Ces systèmes de transport « intermédiaire » font presque toujours l’objet de deux argumentations contrastées : l’une favorable et l’autre défavorable. Du côté des « pour », on parle d’une véritable « révolution » dans le domaine du transport : « le même service que le tramway à moindre coûts » ou « un meilleur service que celui offert par l’autobus aux mêmes coûts ». Il est vrai qu’avec une image de marque supérieure à celle de l’autobus, l’accès à de réels sites propres grâce au guidage, une traction électrique non-polluante, une grande flexibilité, un plancher bas intégral, le système intermédiaire basé sur la technique ferroviaire ou routière présente des atouts incontestables.
Mais du côté des « contre », on constate que cela ne permet pas d’atténuer la polémique autour du transport en commun, notamment en terme d’utilisation de fonds publics : « gaspillage d’argent public » ou inefficacité de son utilisation. Les comparaisons sont d’autant plus difficiles que le coût d’estimation des systèmes guidés de surface peut varier considérablement selon qu’on compte ou pas les frais de maîtrise d’œuvre et de maîtrise d’ouvrage, les acquisitions foncières, les coûts liés à la réfection de la voirie et des canalisations. En outre, l’appréciation des premiers effets induits par les TCSP est malaisée, en raison du manque de précision des objectifs visés. Rares sont d’ailleurs les autorités organisatrices à s’être véritablement livrées à des évaluations socioéconomiques rigoureuses.

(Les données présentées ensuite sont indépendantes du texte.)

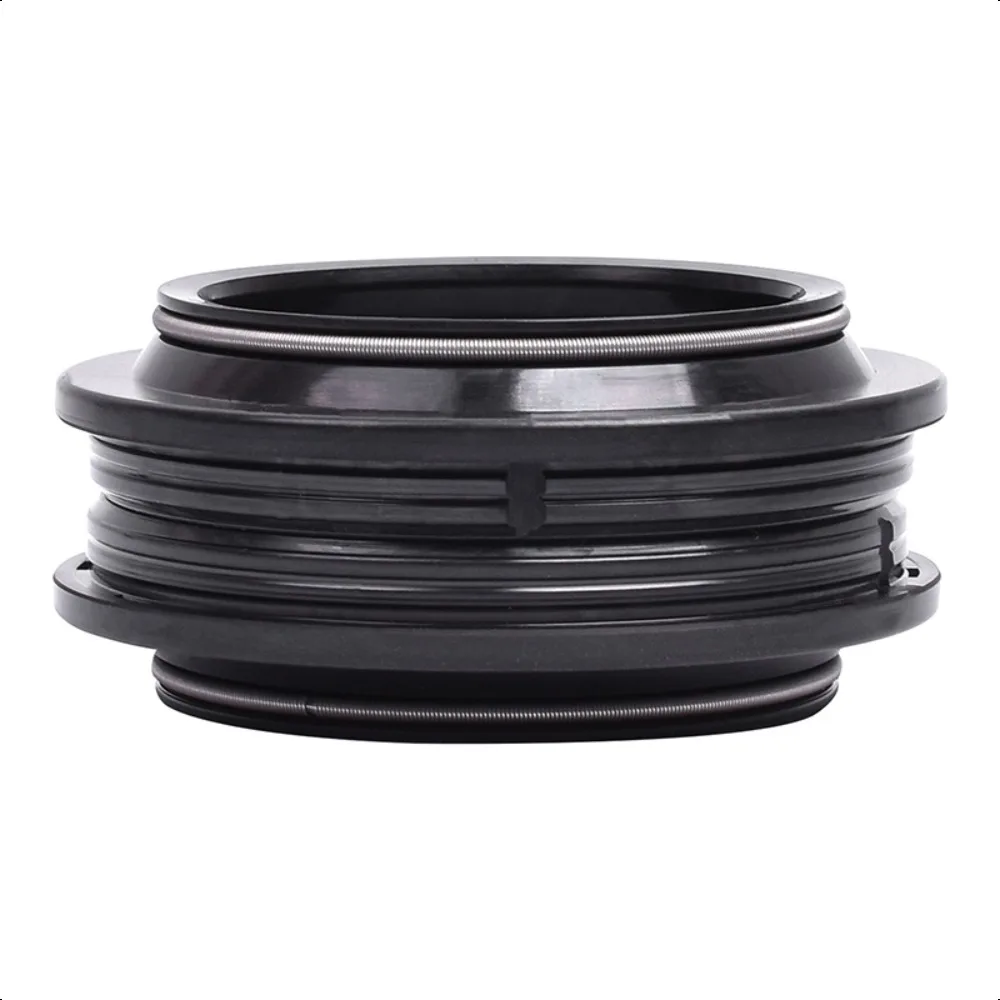 Motorcycle Fork Oil Seal & Dust Cover Kit - 39mm X 51mm X 8mm, Fits Honda NV400C, NV600, Steed 400, VT600C Shadow 600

De plus, les nouveaux systèmes de transport n’ont pas amené la « révolution » que promettaient les promoteurs des systèmes intermédiaires, mais au contraire ils ont parfois été confrontés à des difficultés techniques. Plusieurs incidents ont par exemple contrarié la vie des usagers du transport sur voie réservée (TVR) exploité à Nancy puis à Caen. La direction des transports terrestres a diligenté une expertise sur la sécurité du système de guidage utilisé, au terme de laquelle le Conseil Général des Ponts et Chaussées a formulé en 2003 un certain nombre de recommandations techniques visant à assurer une plus grande sécurité du dispositif. En parallèle, le tramway, jugé dans les années trente comme un système obsolète, tout au moins par certains pays dont la France, a fait un grand retour en améliorant ses performances, montrant sa capacité d’adaptation à s’intégrer dans les enjeux actuels du transport et même de la ville.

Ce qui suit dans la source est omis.